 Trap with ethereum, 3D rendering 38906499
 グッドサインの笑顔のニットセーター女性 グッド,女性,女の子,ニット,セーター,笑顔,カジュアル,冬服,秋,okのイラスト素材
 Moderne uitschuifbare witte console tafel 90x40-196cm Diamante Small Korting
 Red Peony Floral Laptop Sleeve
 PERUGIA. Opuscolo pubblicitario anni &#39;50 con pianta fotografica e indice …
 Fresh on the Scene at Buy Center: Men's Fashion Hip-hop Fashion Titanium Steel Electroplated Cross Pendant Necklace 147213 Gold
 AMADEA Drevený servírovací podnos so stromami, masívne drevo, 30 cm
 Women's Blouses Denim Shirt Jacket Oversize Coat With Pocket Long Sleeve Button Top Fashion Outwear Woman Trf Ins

---

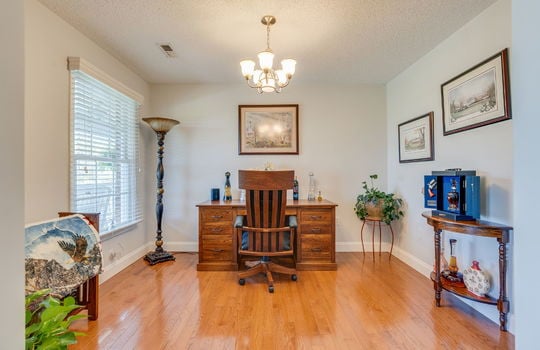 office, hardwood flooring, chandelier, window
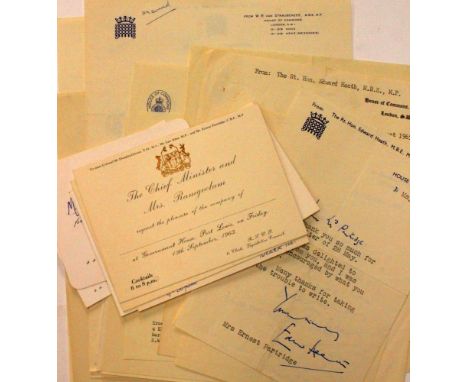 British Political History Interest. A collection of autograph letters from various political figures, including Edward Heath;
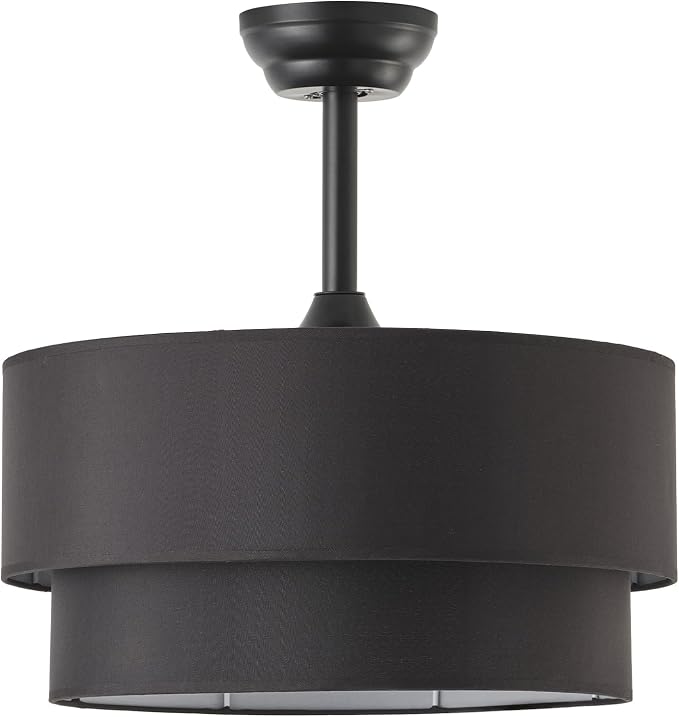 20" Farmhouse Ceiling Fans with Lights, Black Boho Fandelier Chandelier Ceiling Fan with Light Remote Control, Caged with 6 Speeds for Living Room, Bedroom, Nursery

▸ **WHAT IS NEEDED**
Please copy the lines above from the line with "Moderne uitschuifbare witte" up to and including the line with "Women's Blouses Denim", exactly as written and with nothing else.

▸ **PROBLEM SOLUTION**
 Moderne uitschuifbare witte console tafel 90x40-196cm Diamante Small Korting
 Red Peony Floral Laptop Sleeve
 PERUGIA. Opuscolo pubblicitario anni &#39;50 con pianta fotografica e indice …
 Fresh on the Scene at Buy Center: Men's Fashion Hip-hop Fashion Titanium Steel Electroplated Cross Pendant Necklace 147213 Gold
 AMADEA Drevený servírovací podnos so stromami, masívne drevo, 30 cm
 Women's Blouses Denim Shirt Jacket Oversize Coat With Pocket Long Sleeve Button Top Fashion Outwear Woman Trf Ins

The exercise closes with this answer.